- [Task]
The exercise calls for exact output of the lines between the one that contains "Hoplisoma oiapoquensis et CW10" and the end of the data, with both ends kept and pictures left out.

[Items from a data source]
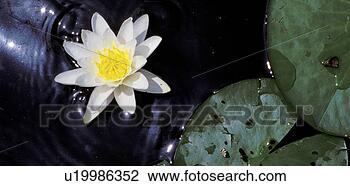 Stock Photo - bloom, alexander, 
blauphoton, attraction, 
aquatic plant, 
abloom. fotosearch 
- search stock 
photos, pictures, 
images, and photo 
clipart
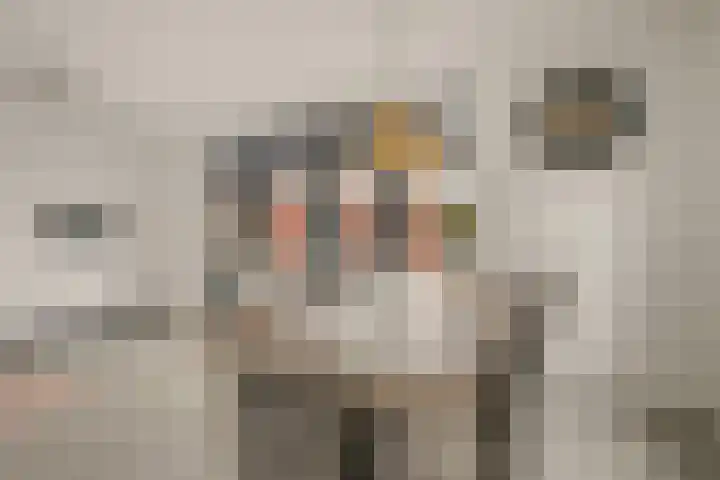 Beekhoek 2 Achterveld thumbnail 12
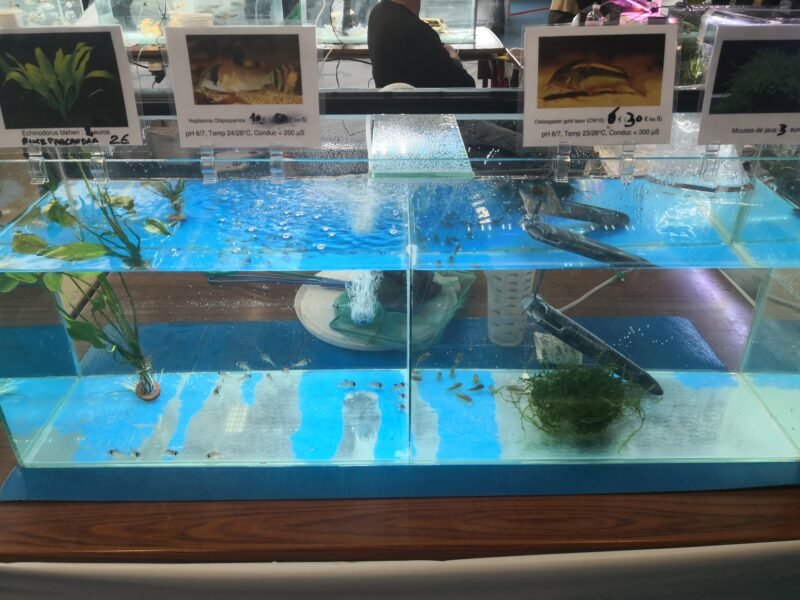 Hoplisoma oiapoquensis et CW10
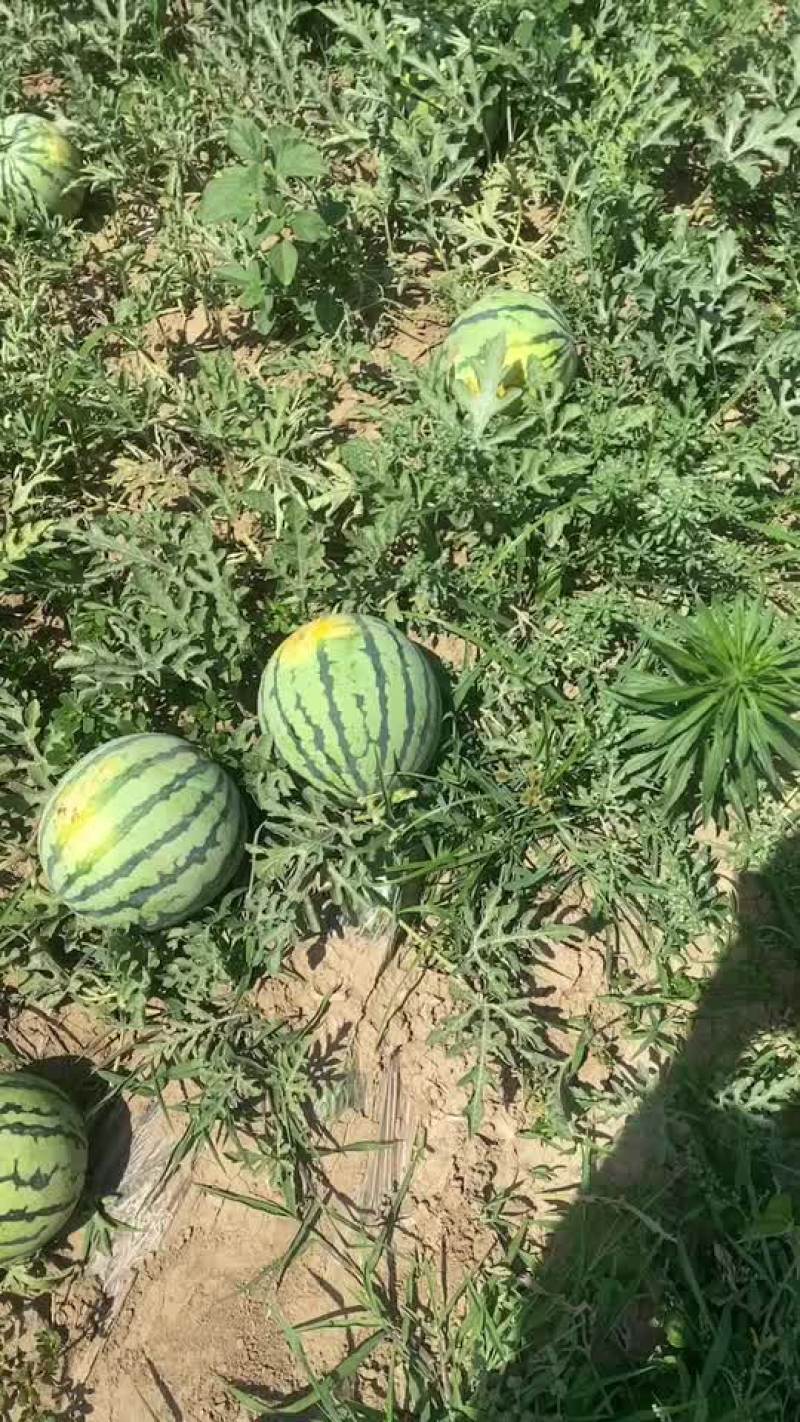 麒麟圆苗美都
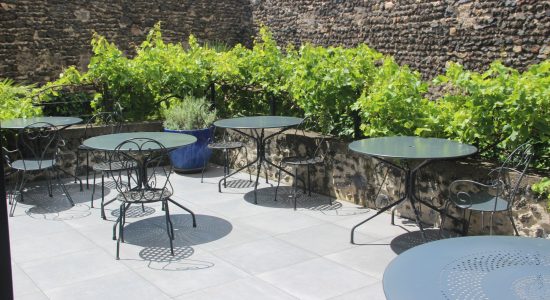 Clos-Beaumont-terrasse-vigne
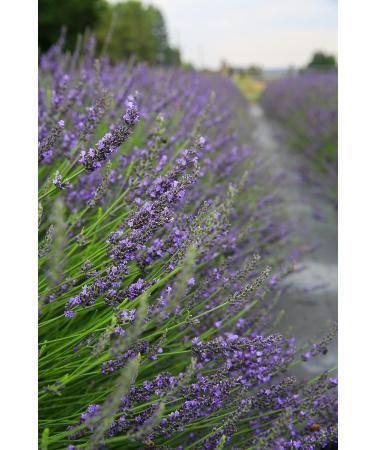 Victoria's Lavender Aromatherapy Body Mist Spray - Natural After Sun Aloe Vera Spray with Lavender Oil - Hydrating & Soothing - 4 oz - Buy Online on GoSupps.com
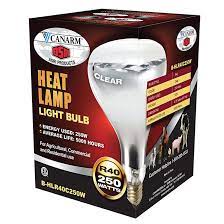 Heat Lamp Light Bulb 250W  Clear -  B-HLR40C250W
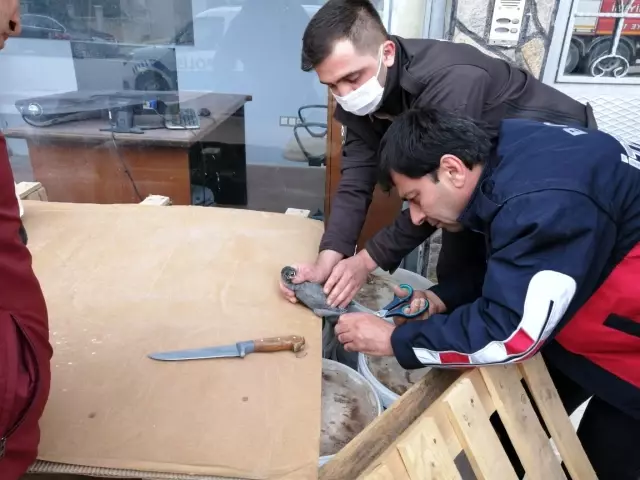 Polisten görülmemiş kurtarma operasyonu Polisten görülmemiş kurtarma operasyonu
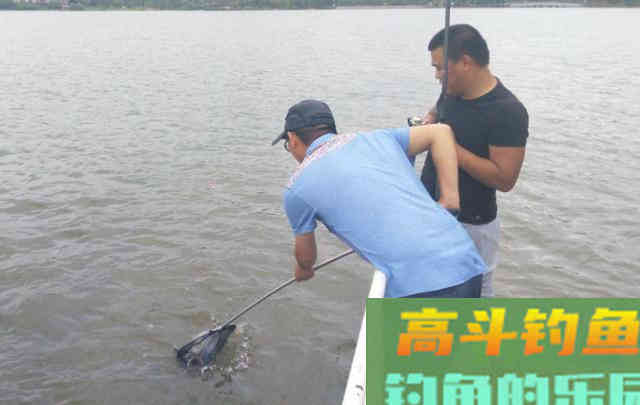 为什么会有各种各样的漂相？一篇文章说明白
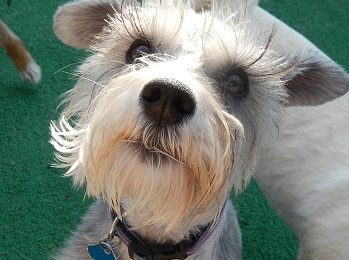 Congratulations Bella, Our Dog of the Month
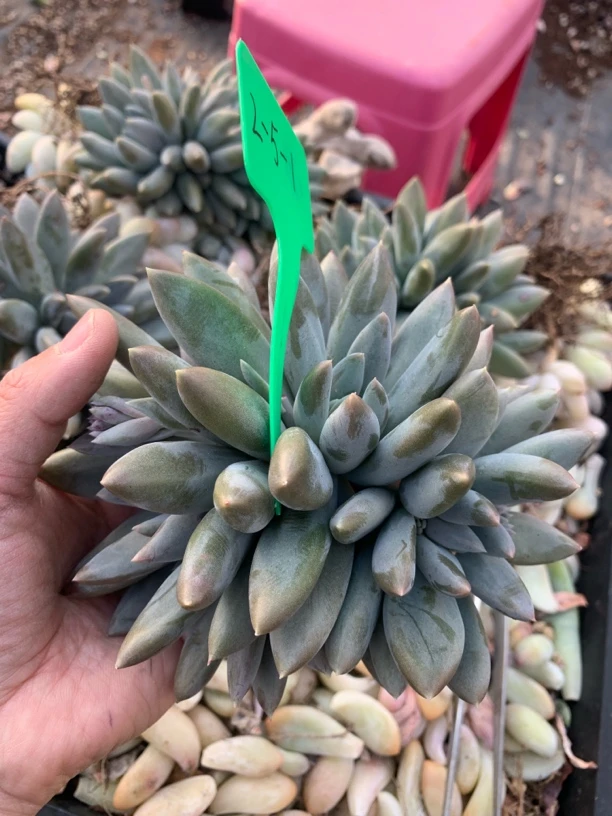 月蒙匠心精品多肉5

- [Solved problem]
 Hoplisoma oiapoquensis et CW10
 麒麟圆苗美都
 Clos-Beaumont-terrasse-vigne
 Victoria's Lavender Aromatherapy Body Mist Spray - Natural After Sun Aloe Vera Spray with Lavender Oil - Hydrating & Soothing - 4 oz - Buy Online on GoSupps.com
 Heat Lamp Light Bulb 250W  Clear -  B-HLR40C250W
 Polisten görülmemiş kurtarma operasyonu Polisten görülmemiş kurtarma operasyonu
 为什么会有各种各样的漂相？一篇文章说明白
 Congratulations Bella, Our Dog of the Month
 月蒙匠心精品多肉5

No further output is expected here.